For now, Mrs. Obama has embraced an issue that unites blue and red states — not to mention the White House and corporate America.

“With childhood obesity, we really believe that creating partnerships with carrots rather than sticks in my position as First Lady is a better way to get results,” she said.

And the first lady said she hopes her initiative will also empower parents.

“As we’re seeing with companies, they’re going to look for what model are they going to make money on. And if they make money off of selling our kids chips and sodas, that’s what they’re going to do,” she said. “But if we demand convenient containers of healthy drinks that don’t have added sugars — that our kids enjoy but aren’t adding unnecessary calories or hidden calories — and if they make those products, then we have to buy them. And the more we buy them, the more we’ll generate demand, the more that will change the market. So I want to remind parents that we still have power in an open marketplace to set the agenda. We’re not powerless in this, but we have to lead with our pocketbooks and we have to show businesses that the healthier choice can be good business as well.”

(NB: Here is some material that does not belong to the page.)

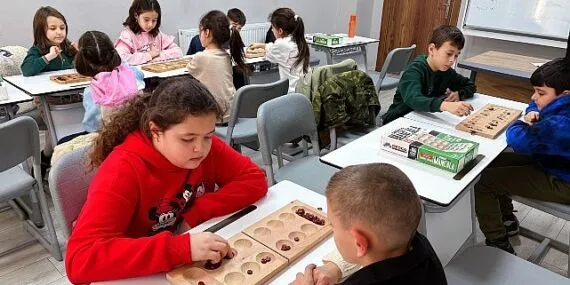 Edremit Belediyesi’nden Çocuklara Zeka Oyunları Atölyesi haberi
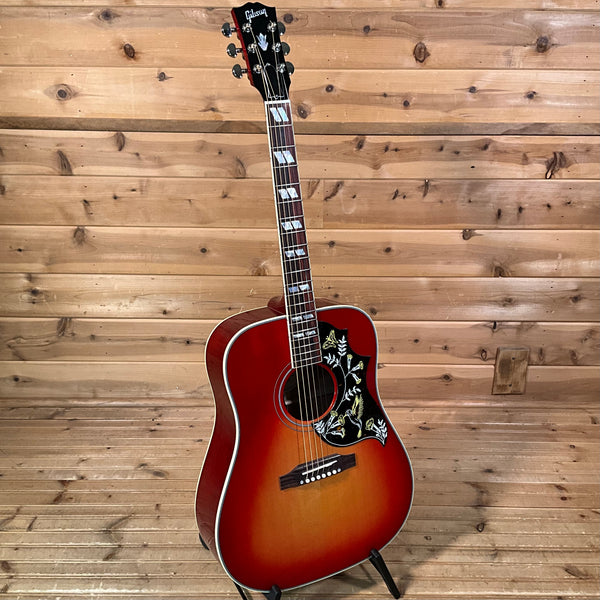 Gibson Hummingbird Standard Acoustic Guitar - Vintage Cherry Sunburst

But the most important element of any deal pursued by the East Wing is that it be a priority of Michelle the mom.

“I can guarantee you that what I will do will always involve kids in some way, shape or form,” Mrs. Obama said. “That is my passion. I think that’s the investment where I can uniquely have an impact.”

It’s that affinity for children that seems to put the spring in Mrs. Obama’s step.

“I have a special affinity for kids,” she said. “Barack — we were talking about this the other day, I don’t know, maybe — we love our kids so much, and it is very hard not to see our kids in every child we meet.  So I am powerfully moved by children, and I need to have them in my life.  They keep me focused.  They keep me sort of directed so that any time anything else is going around if I’m in a room full of kids, they constantly bring you back to where you need to be.”

“She loves those daughters and she loves all of our daughters,” Jarrett said. “And I’ve watched her just touch so many hearts and when she’s around young people, particularly girls, she’ll just grab them and hug them, and I think that resonates deeply because they don’t see her up on a distant pedestal, they see her as someone within reach who could be their mom. And that makes her a terrific role model.”